Subscribe Bookmark


Jun 23, 2011

Report from UK: Building better statistical models, faster and easier

Almost 40 leading analysts from financial services, marketing, R&D and the public sector gathered together in SAS' Manchester, UK, office to find out how you can build better statistical models, faster and easier. Sam Gardner, the global technical lead for JMP Pro, kicked off the seminar on 25 Sept. with a quick survey of the audience and found that their statistical knowledge was generally moderate, with a few members of the audience describing their knowledge as high or low. A normal distribution then!

Following an introduction to modelling, a key message that Sam demonstrated in JMP Pro is that holding back data as you build a model prevents over-fitting. A delegate asked about how big the holdback data size was. As a true statistician, Sam answered "It depends." Over the course of the demonstrations, Sam and Robert Anderson, the UK’s technical lead, looked to answer this question.

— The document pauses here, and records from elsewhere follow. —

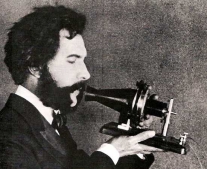 وفاه مخترع الهاتف ألكسندر غراهام بيل "Alexander Graham Bell"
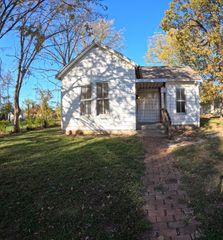 1021 E Blaine Street, Springfield, MO 65803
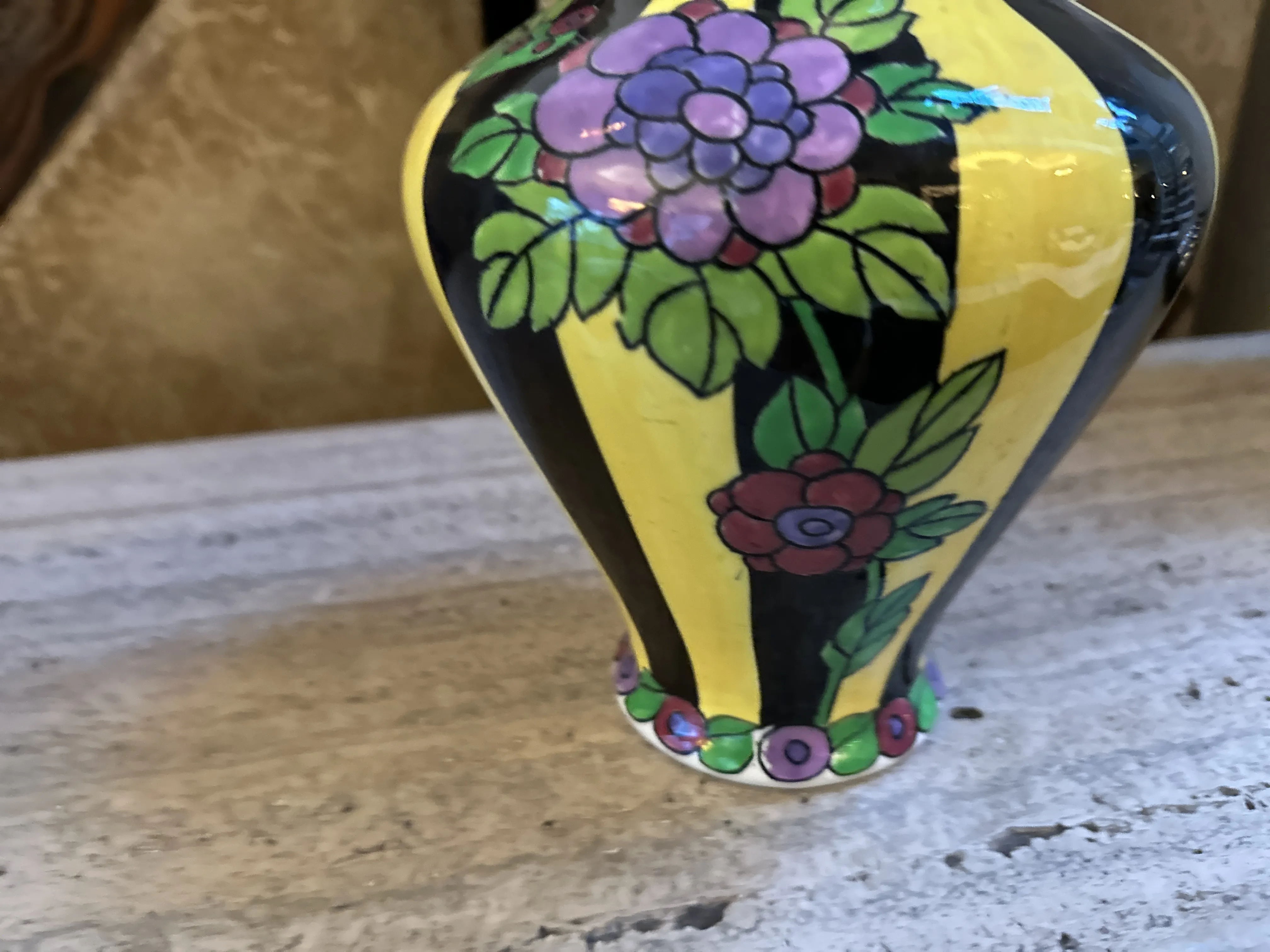 antik keramikk vase boch frères keramis dekoriert mit lebhaften Farben und Blumen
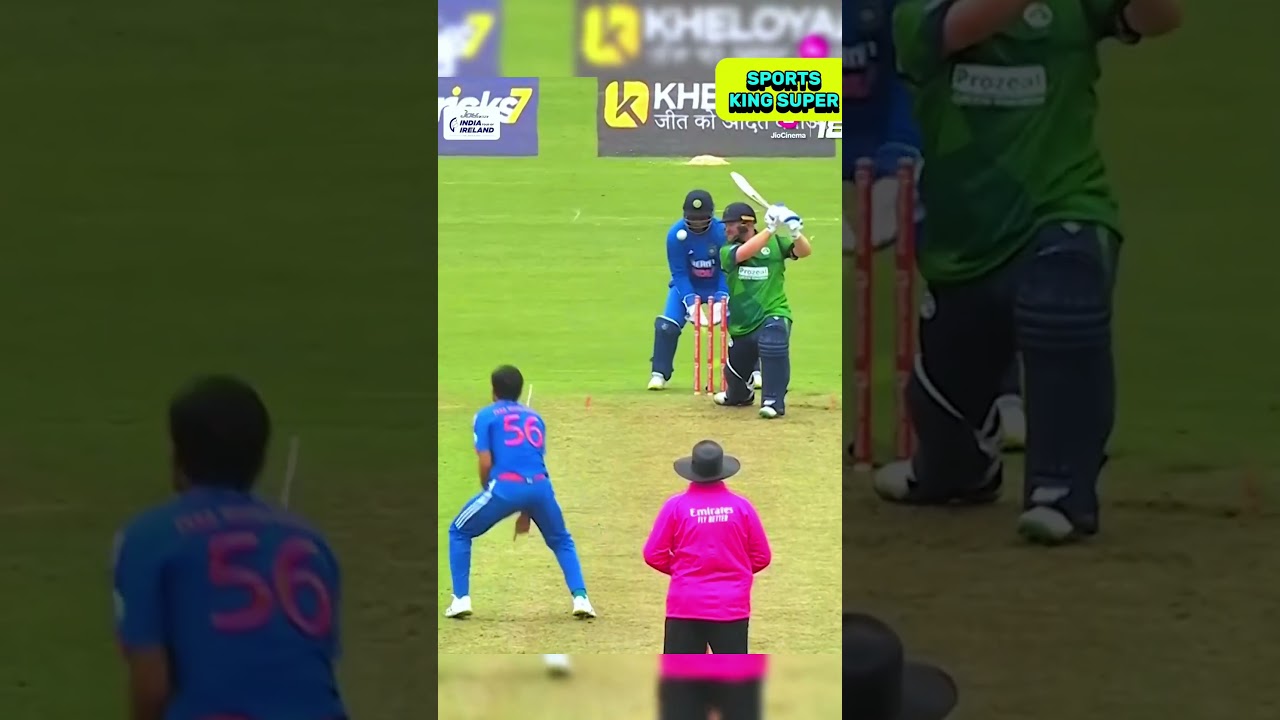 VARUN CHAKRAVARTHY V'S RAVI BISHNU VS !!☠️ Competition and BEST WICKETS !! 😶&zwj;🌫️ CRICKET SHORT VIDEO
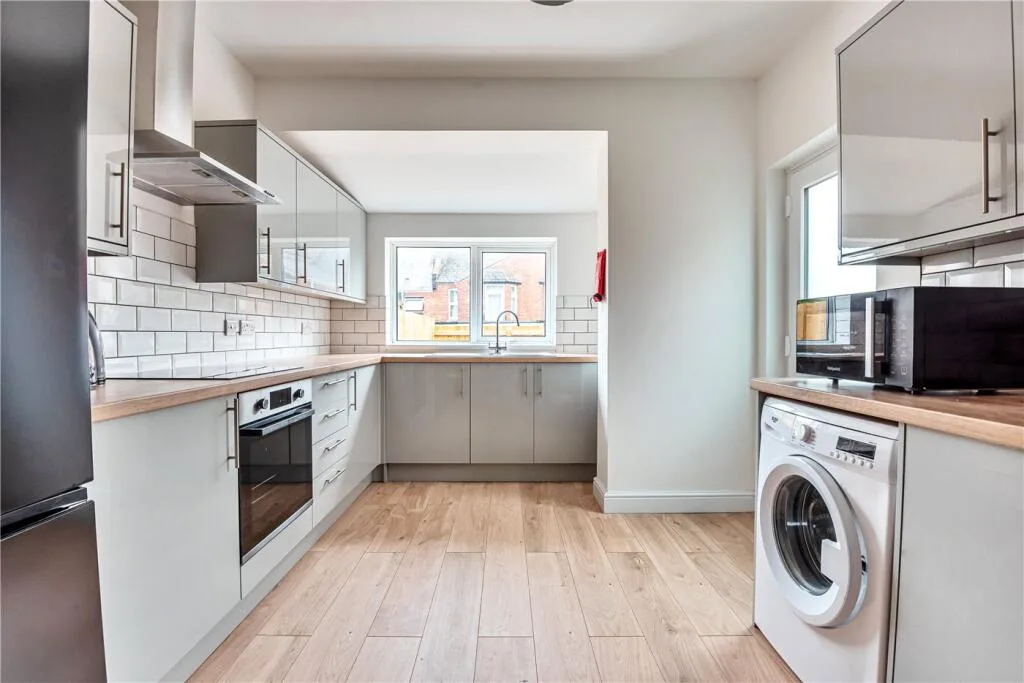 6 bedroom house for rent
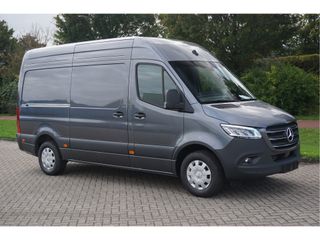 Mercedes-Benz Sprinter 317CDI Pro L2H2 BPM VRIJ!! 10.25" Mbux Navi, Cam, Gev. Stoel, 3.5T Trekhaak, LED!! NR. 731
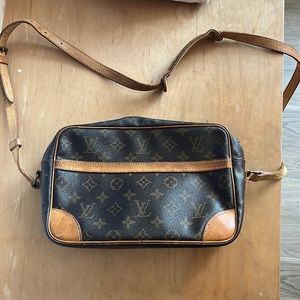 Louis Vuitton purse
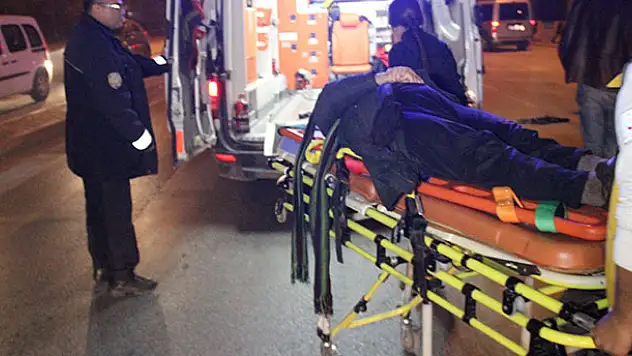 Konya'da motosiklete çarpan otomobil sürücüsü yaralıları bırakıp kaçtı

Sam also gave an introduction to decision trees, also known as recursive partitioning, CHAID and CART. Sam described decision trees as being built from a series of nested "if statements" that are branches in a tree. Sam explained that random forests and boosting can help build models that pull out more subtle or hidden effects.

In four case studies:

  • Robert showed how holdback validation could be used to efficiently help solve an engineering problem in the semiconductor industry. Without this technique, the engineers could end up going down blind alleys and checking good process steps for nonexistent problems, thereby wasting valuable resources.
    • Sam showed how K-fold cross validation can be used to build more robust stepwise regression models, to describe the formulation of animal feed supplements in agricultural R&D.
      • Robert's next example looked at the propensity of telco customers to churn. He showed how more advanced modelling techniques such as random forests, combined with holding back one part of the data to tell the model when to stop building and another part to test the model, can help build better models.
        • Sam showed how neural networks can be used to build flexible models for a risk application. He used Receiver Operator Curves (ROC) and Lift Curves to assess the models. He also compared a range of different models using the Model Comparison platform. He also showed how you could use a model averaging to produce an excellent model.
        • A number of the delegates said they were amazed at the speed with which models can be built and compared in JMP Pro. Others said that, whilst they could build models with the tools that they currently have, it was very difficult to explain these to others. They appreciated how the Prediction Profiler would allow them to do this, and to do scenario or "what if" analysis so that execs could make more informed decisions.

          A few asked about deploying the model and were satisfied to hear that SAS scoring code could be created from the model, and the model equation could be easily coded in other languages such as SQL.